The Engine of Compounding Value
The old method combines resources, like a technology platform, an operations team, and outsourcing business processes. The new approach emphasises network and learning effects that enhance value. Economists describe this as multiplicative or super-additive. Overall value depends on how well a firm’s components perform, connect, and coordinate. Lack of communication between business functions reduces overall value.
This concept isn't new for corporate professionals, who already engage in transformation efforts, cultural resets, and restructuring. The significant change? AI will facilitate this process efficiently, surprising stakeholders.
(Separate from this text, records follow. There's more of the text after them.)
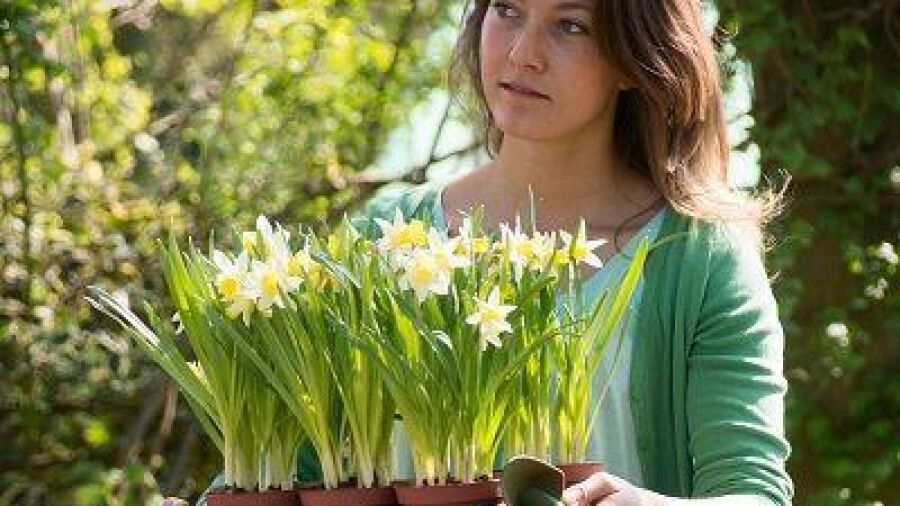 Lentebloeier van het Jaar 2014: Narcis í¢äåìTopolinoí¢äåä¢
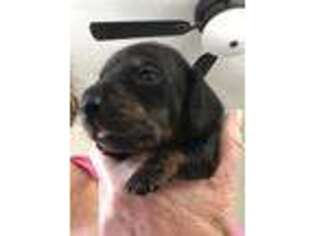 Dachshund Puppy for sale in Rancho Cucamonga, CA, USA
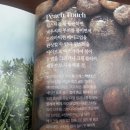 더연THEYEON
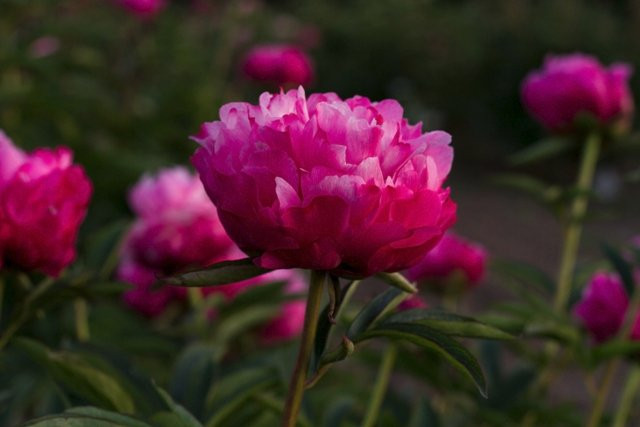 Brooks Gardens Peonies-Brooks必去景点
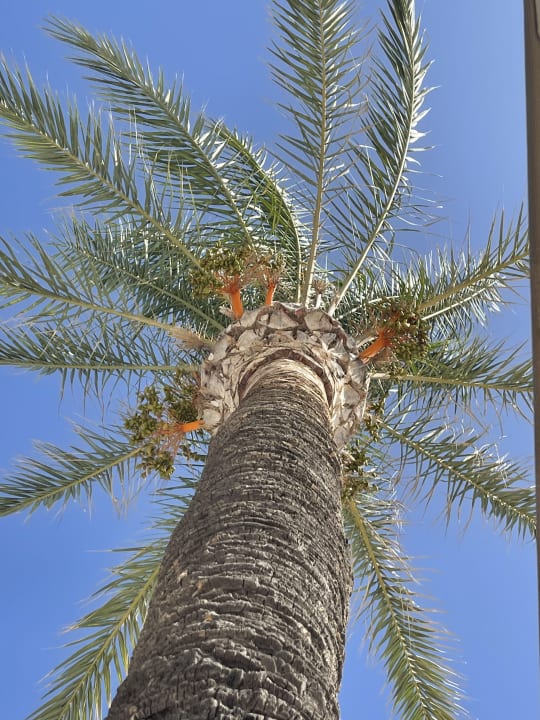 Gartenanlage Club Can Bossa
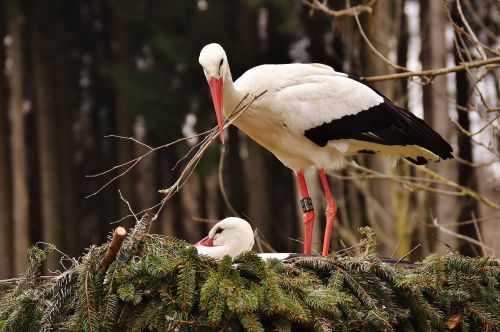 storks nest building pair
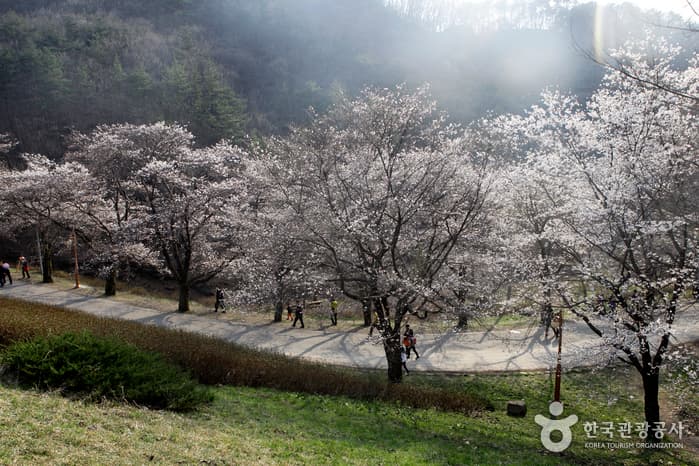 전북_진안_‘벚꽃 엔딩’은 탑사 가는 길목에서, 마이산 벚꽃길01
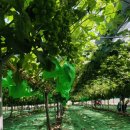 목인농장 이미지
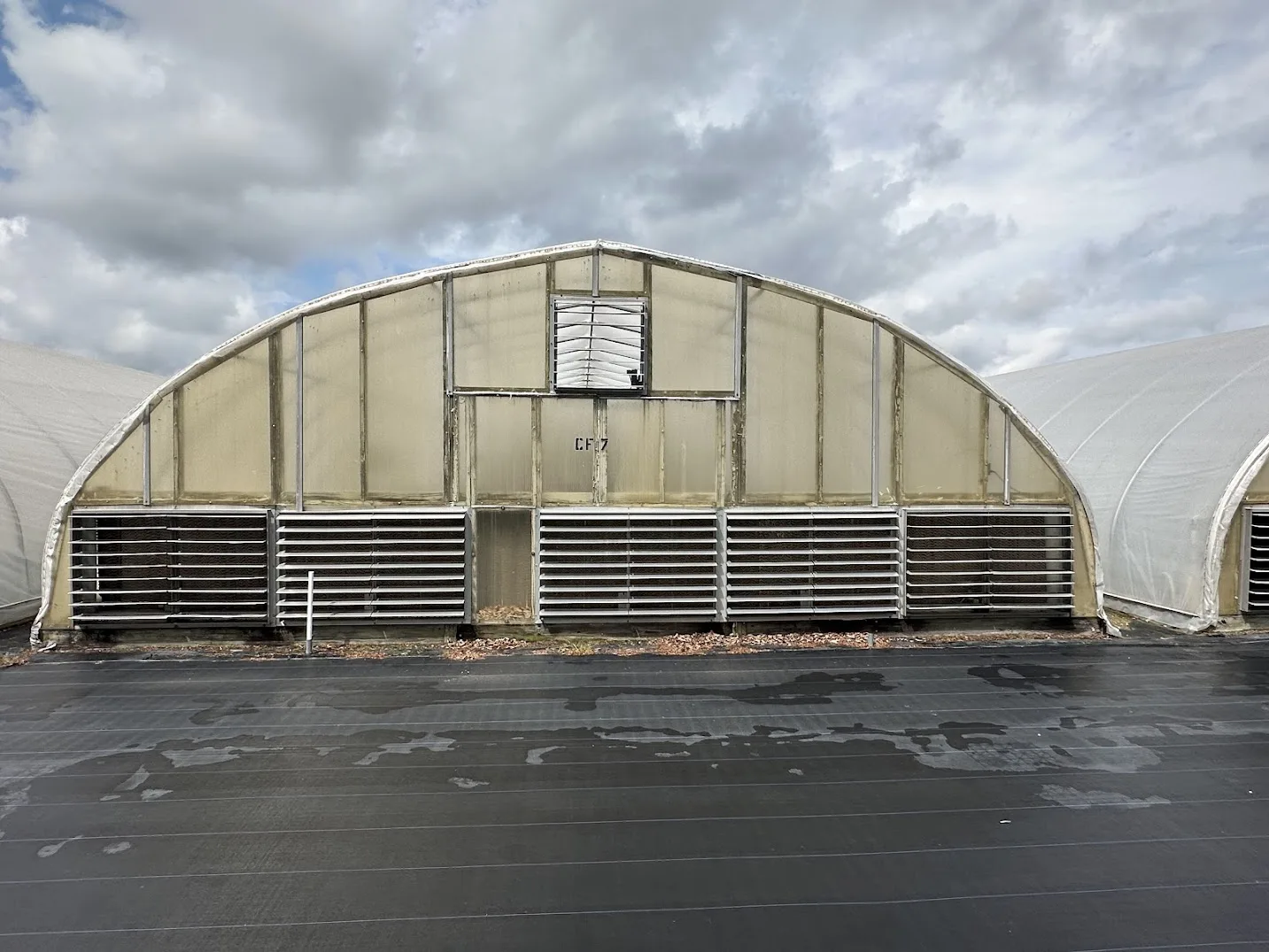 WHITE'S AUCTION LOT 22 - CF07 - X.S. Smith 30' x 96' Criterion Quonset Hoop Cold Frame Greenhouse, photo 2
Three elements in this compounding mechanism are: shared insight, mutual supervision, and emergent capabilities. Shared insight goes beyond systems communicating; it involves recognising patterns and generating insights that teams might currently analyse to improve effectiveness.
Achieving this requires extensive data. Firms that enhanced data quality years ago may succeed; a comprehensive business context is necessary for leveraging this automated environment. AI wearables document workplace activities and will likely become a contentious worker rights issue, eliminating off-the-record conversations.
This environment resembles an Amazon Warehouse for office workers - unpleasant! Data deletion could be seen as managerial negligence. Users of AI coding find that comprehensive logging enhances AI performance. Erasing data after seven years risks losing crucial shared insight. Expect increased lobbying against data deletion and privacy regulations.
Mutual supervision resembles enhanced audits or peer reviews, with AI agents continuously reviewing operations. With prevalent API-based communication, incident response capabilities will evolve towards self-healing. Monitoring agents will detect discrepancies in quality metrics and investigate without needing preliminary conference calls, leaving humans in complex roles that require real-world problem-solving.
AI governance discussions highlight this mutual supervision layer, converting frameworks and policies into code. Given the prescriptive nature of risk management and compliance, firms will have less room for policy deviations.
Emergent capabilities rely on AI agents to develop new strengths and capabilities previously unimagined by executives. For instance, Stripe uses its data to provide merchant advance loans with insights surpassing traditional financial institutions.
I find boundary changes within emergent capabilities particularly intriguing. Firms can “borrow” capabilities from others via APIs, enabling enhancements. AI agents will learn about publicly available API endpoints and generate new operational models aligned with minimising losses, free from boardroom risk appetites.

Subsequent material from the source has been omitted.